On the other hand, my niece that’s 2 years older and has had NO physical problems was deemed eligible for SSI, quick as you please… because she’s a substance abuser who ended up hospitalized for self-harming, and was subsequently diagnosed as bipolar. She spent 6 months in drug rehab and by the time she got out, boom! Check in hand. Not that I don’t love her and all, but WTF?
My daughter and I have (half-jokingly) wondered whether it isn’t time to just “game the system,” and get the instantaneous okie-doke for SSI by her claiming she’s suicidal – and has a plan – so she’ll get locked up for 72 hours, and shortly thereafter start getting SSI benefits. If she and I weren’t quite so afraid of what might happen to her during those 3 days, it would be a plan deserving of far more serious consideration. Sometimes having morals and values like honesty is more hindrance than help.
In one of her more depressed and despairing moments, she lamented, “Mom… it’s just not fair! I have serious medical problems that aren’t in any way my own fault, and I can’t get a break; but these effin’ people whose problems are due to their own bad choices get everything on a silver platter.

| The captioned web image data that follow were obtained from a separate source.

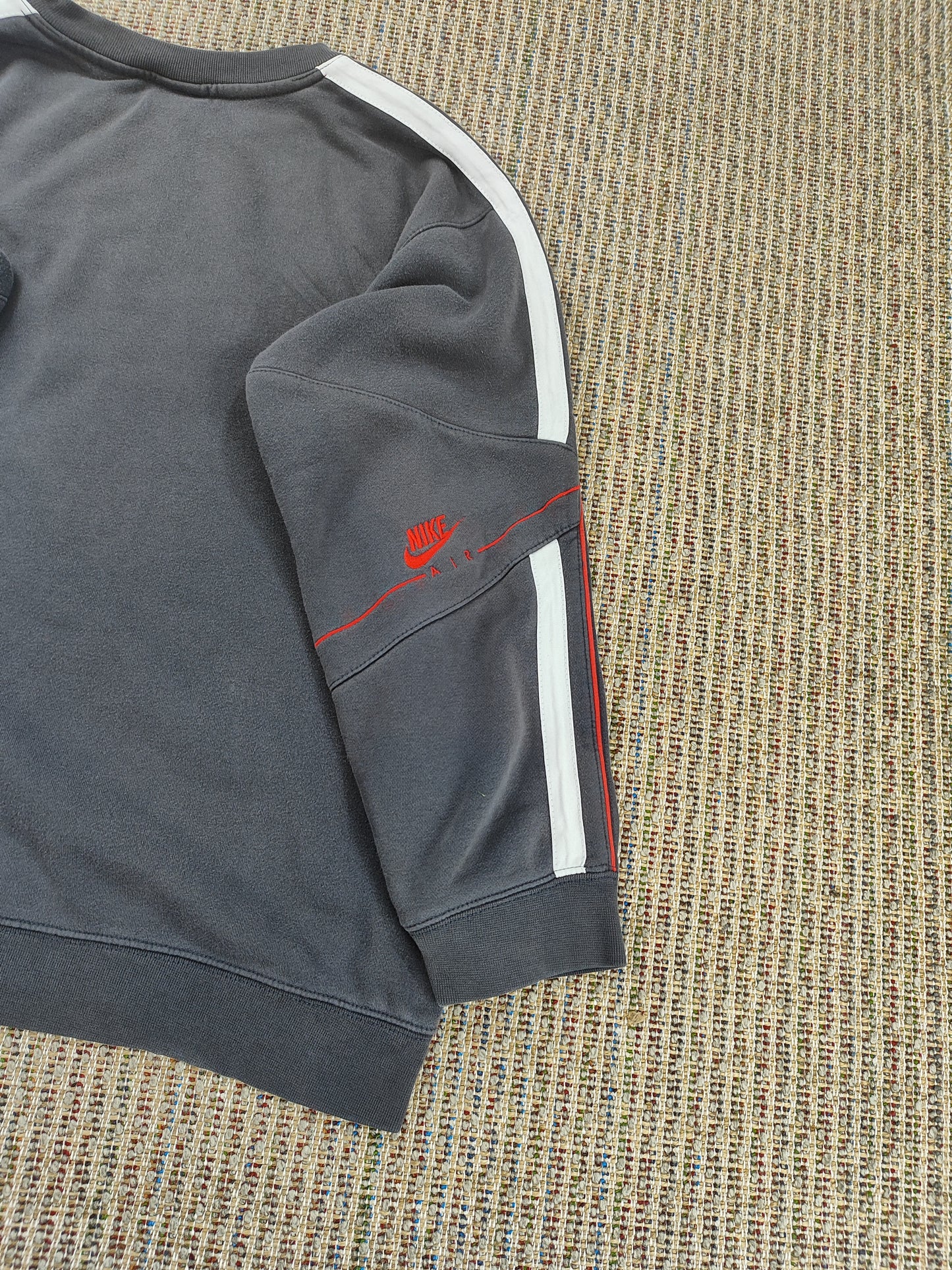 Y2K NIKE AIR SWEATSHIRT (M)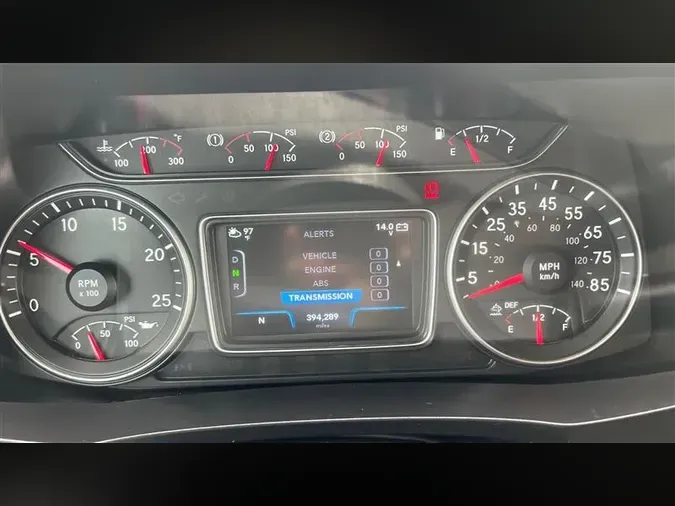 2022 INTERNATIONAL LT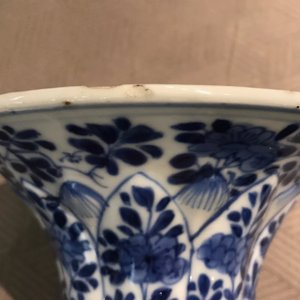 Een Chinees blauwwit vijf-delig kaststel, Kangxi — foto 29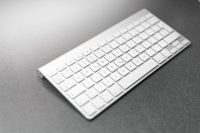A origem do QWERTY: por que o teclado que usamos não é alfabético?
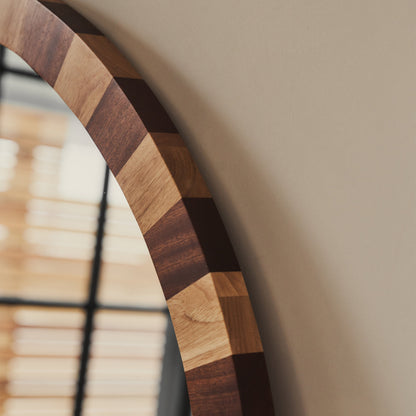 Tessera - Specchio Circolare in Legno a Scacchi Legno Scuro e Legno Chiaro 90cm x 90cm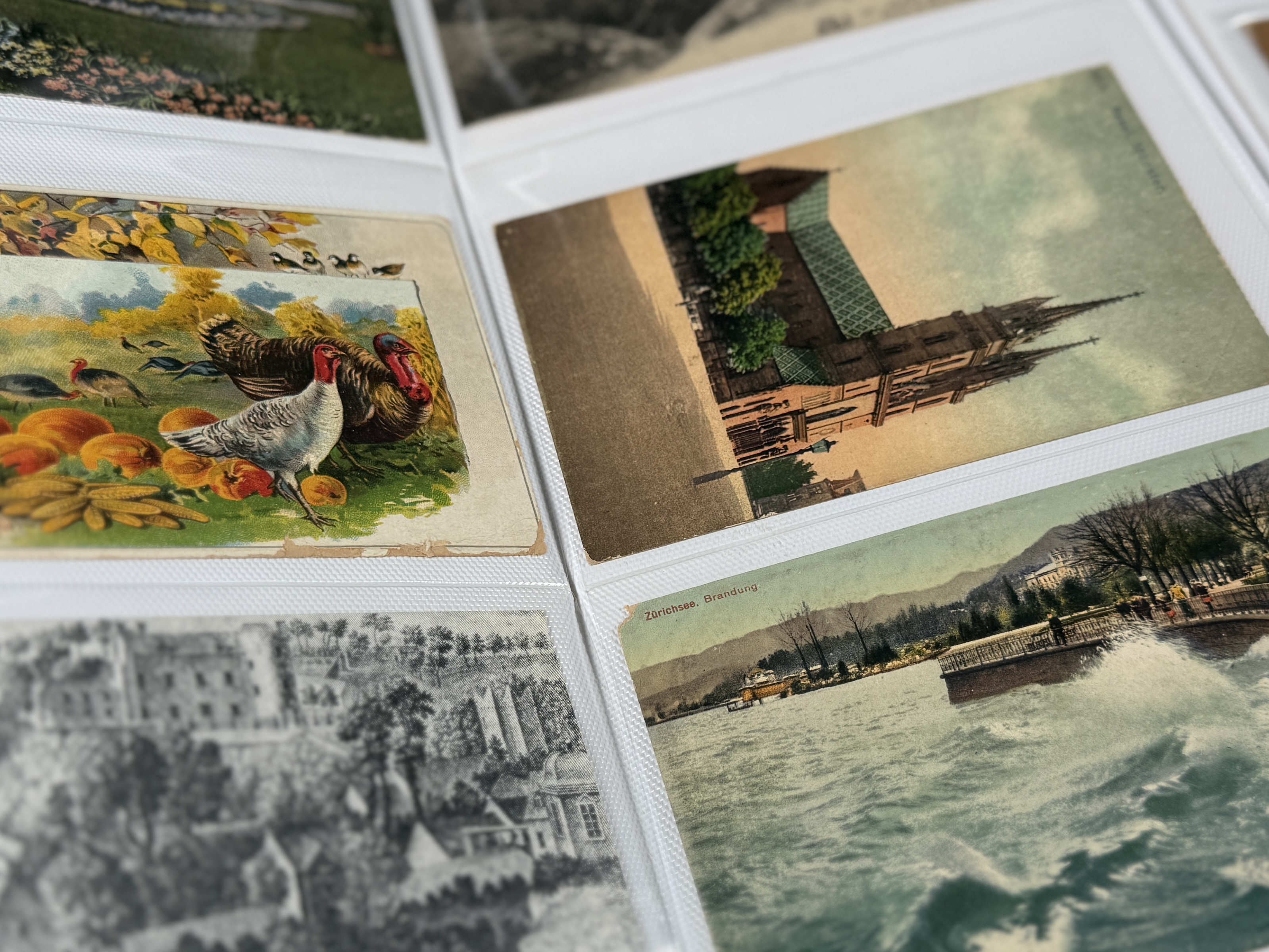 BINDERS FULL OF ANTIQUE POST CARDS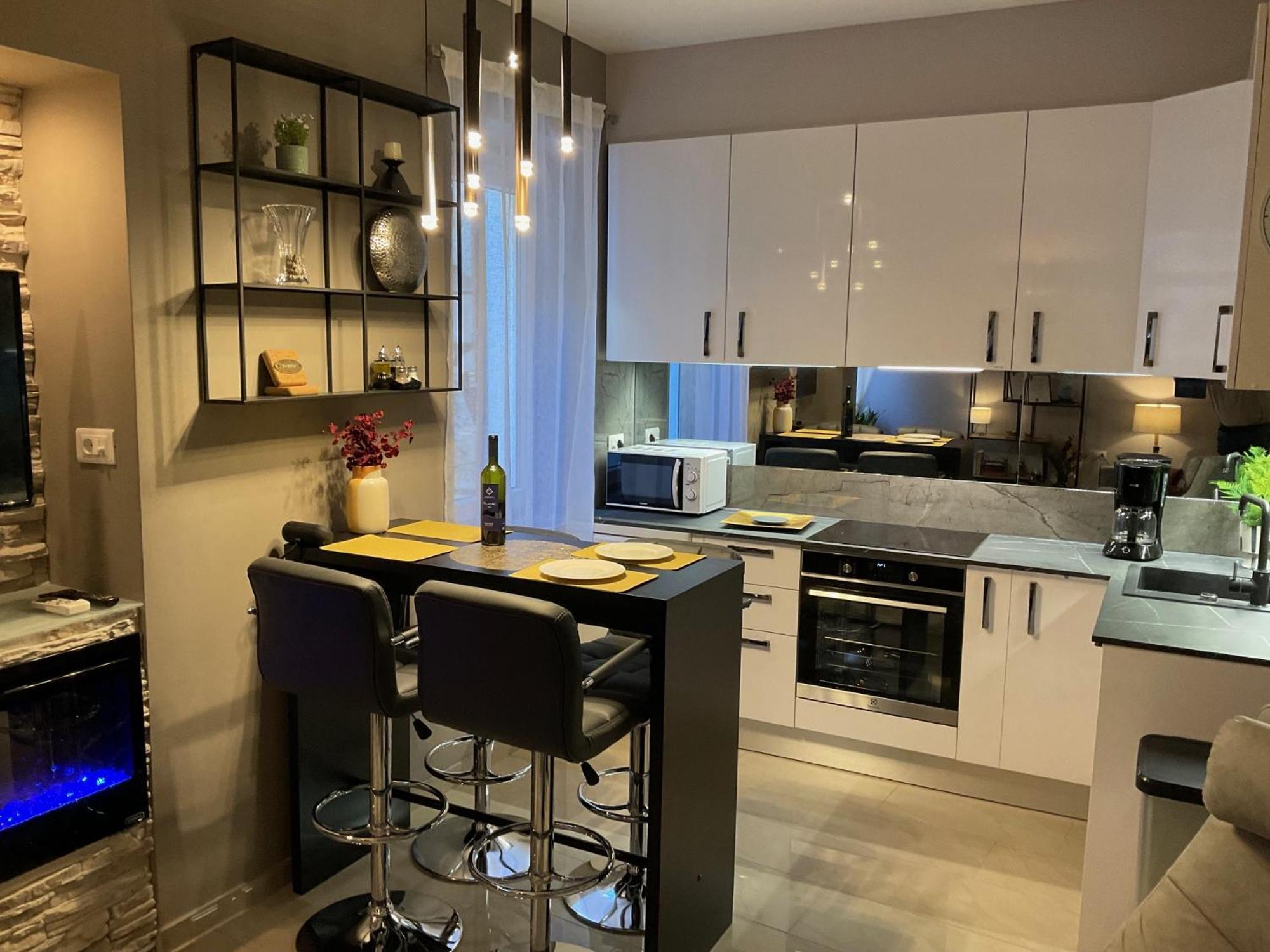 Bella Campagna - Luxury Two Bedroom Apartment Ρόβινι Εξωτερικό φωτογραφία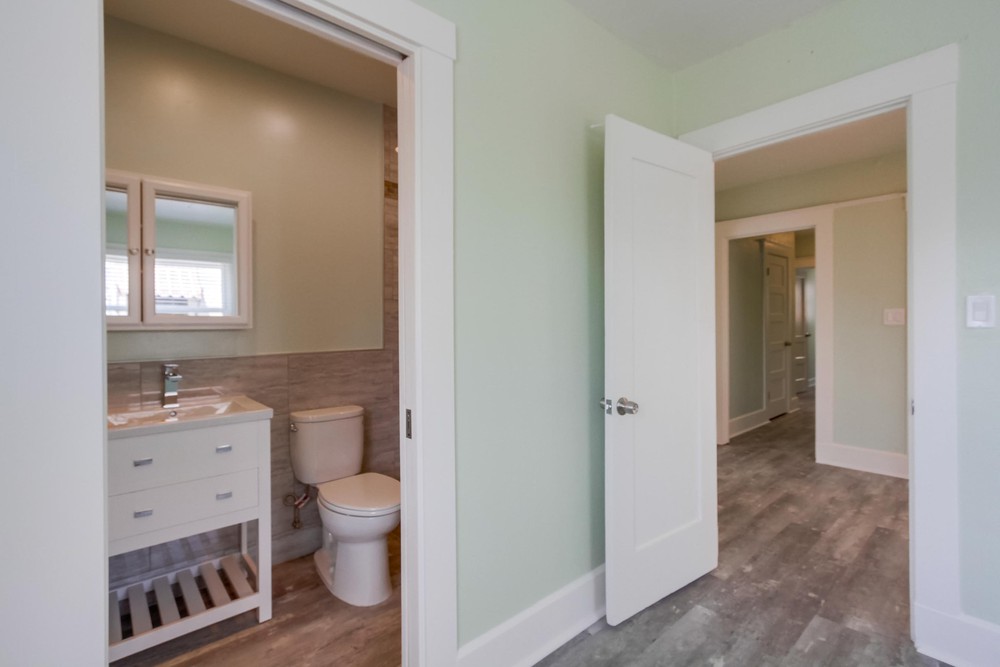 Virtual tour photo 23 of 38 for 2944 Kalmia St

Do I have to become a drug addict so that I can get help NOW?” No one should ever have to feel that way, and it’s like a knife in my heart that my own kid does.
While I realize that there’s now a booming “recovery industry” that’s all too happy to take funds earmarked for mental health now that substance abuse is considered (wrongly, in my opinion) a mental illness, there are also plenty of charities that help substance abusers and addicts; let *them* take up the slack when mental health funding is no longer siphoned off to help people with a “disease” of choice.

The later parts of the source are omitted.